Records for the exercise:
________________

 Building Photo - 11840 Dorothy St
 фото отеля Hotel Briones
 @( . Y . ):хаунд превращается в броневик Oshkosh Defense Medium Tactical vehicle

________________

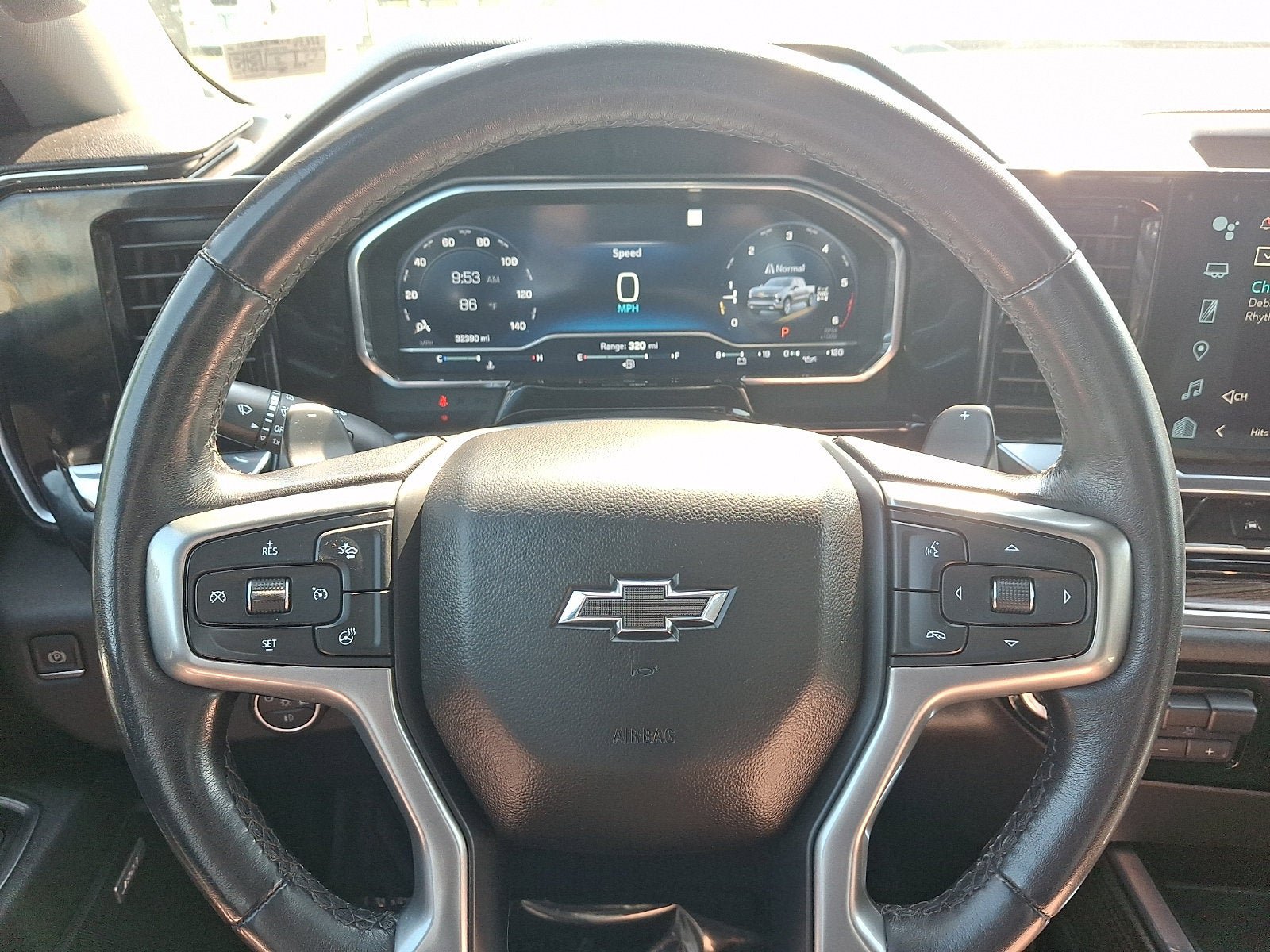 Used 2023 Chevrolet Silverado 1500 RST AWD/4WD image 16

________________

Exercise objective:
Using the records above, restate word for word the lines from the one with "фото отеля Hotel Briones" through the one with "Medium Tactical vehicle", both included.

Answer to this task:
 фото отеля Hotel Briones
 @( . Y . ):хаунд превращается в броневик Oshkosh Defense Medium Tactical vehicle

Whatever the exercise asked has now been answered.